Why Do Elite Harvard, Princeton, and Ivy League College Students Still Go Into Finance?

Impact

These days, some people are worried about the affordability of college. The concern is that rising college prices are turning high education into a recycling plan for privilege, ensuring that the children of those who were successful in the past will continue to be successful in the future. But if college is the source of meritocratic angst, then Wall Street is its distilled essence because Wall Street is where the privileged go to most directly cash in on the economic benefits of going to a good school.

To get an idea of how prevalent finance careers were, and still are, one needs to look at the acceptance rates for these jobs from top universities. In 2008, 28% of Harvard graduates went into finance, and though that number is now down to 17% (of those going into a full-time job) in 2011, the number from Princeton is still a shocking 35%. People are going into finance like crazy, but what is the allure?

Ezra Klein puts forward the idea that finance hungry undergrads are the product of a failed liberal arts education, which does not prepare them with any meaningful job skills. Confused undergrads then, in their junior and senior years, realize that they need a job, but are ill-prepared for most positions and so rush into finance. On top of this basic educational argument, Klein layers a sociological explanation as well. Finance jobs can be obtained through a predictable and rigorous application process with prestige awaiting for those who run the gauntlet effectively. Since Harvard kids are familiar with applications – the theory goes – they are easily entranced by a complex application process that yields riches and prestige. 

I disagree with both claims. It's not about the seductive ease of the application process, and it's not that a liberal arts education fails in virtue of not offering job skills. Instead, it's about the way students and our society understands the value of a liberal arts education, and the rise of narcissism.

There is something to the idea that applications are appealing, but it doesn't have anything to do with applications per se, but with the safety they represent. Plenty of fields like academia (I know, I just submitted applications) have paths well-marked by hordes of questionnaires and personal statements, and not many people go into academia.

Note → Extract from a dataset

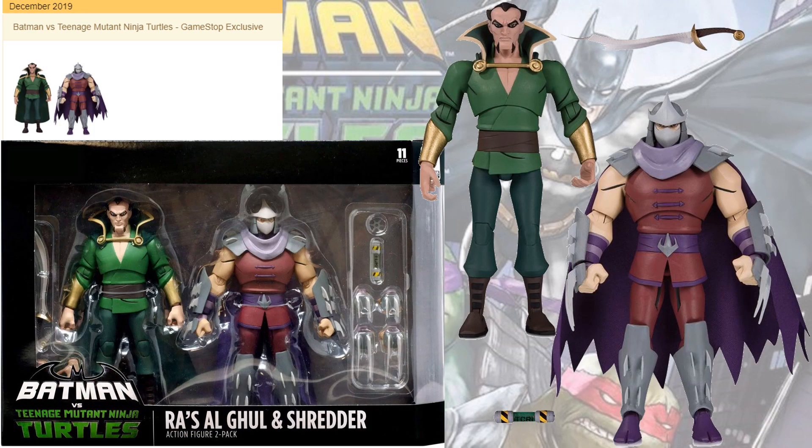The last one, in December 2019, you got the Ra's al Ghul and Shredder two-pack. Shredder came with multiple hands, the mutagen, and a throwing star. Ra's came with a sword, multiple hands, and a cape that can be taken off.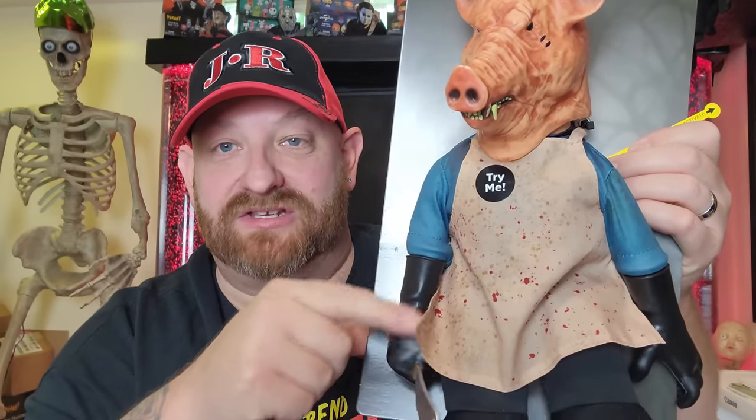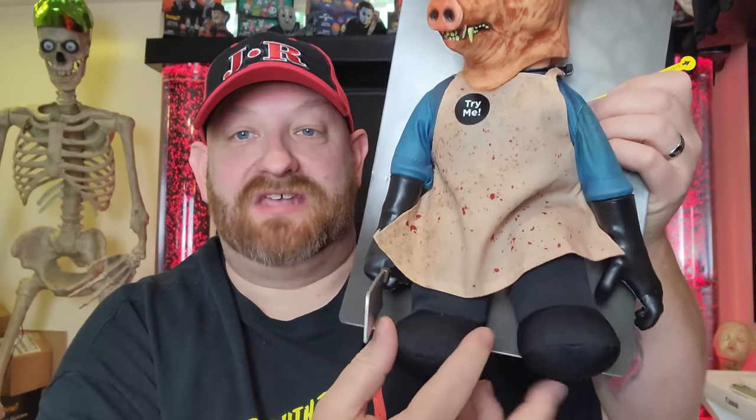First of all, he has his gloves on. He's got a bloody apron. He's got — they're soft, but they're supposed to be boots basically. And then look at this — he's got his butcher knife. Look at that thing. I would not want to wake up in the middle of the night and see this guy at the foot of my bed.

The fact that students feel compelled to follow well-marked career paths is a failure to understand that a liberal arts education is not training to do any one thing, but a way to approach all things, even one's own life. Learning to take ownership of ideas is supposed to train students to take ownership of their lives, not to just serve as a tool to win arguments with other people in government and business.

Plenty of people defend a liberal arts education on the grounds that it makes people better critics of their social environment, but it's not enough to question one's environment, one must question one's own motives and desires as well. The reason this doesn't happen is because of a society-wide concern with the self-esteem of young people. The self-esteem movement has made lucky college kids into egomaniacs who rarely question the validity of what they want. This isn't me trying to slur my peers, but a well-documented fact. People are becoming much more narcissistic. When that happens, the interrogation of our most basic direction ceases and we're more vulnerable to the easy road or to snap judgments.

Notice though that I'm not saying that finance is a dirty or bad industry. I don't think it is. There was a bubble in the finance sector that had been building since the 1980s (see here, pg. 62), and people got into it. There are many good reasons to be a financier, but the rise of narcissism in young people perfectly matched the bubble in financial services and the result was that finance was the outlet.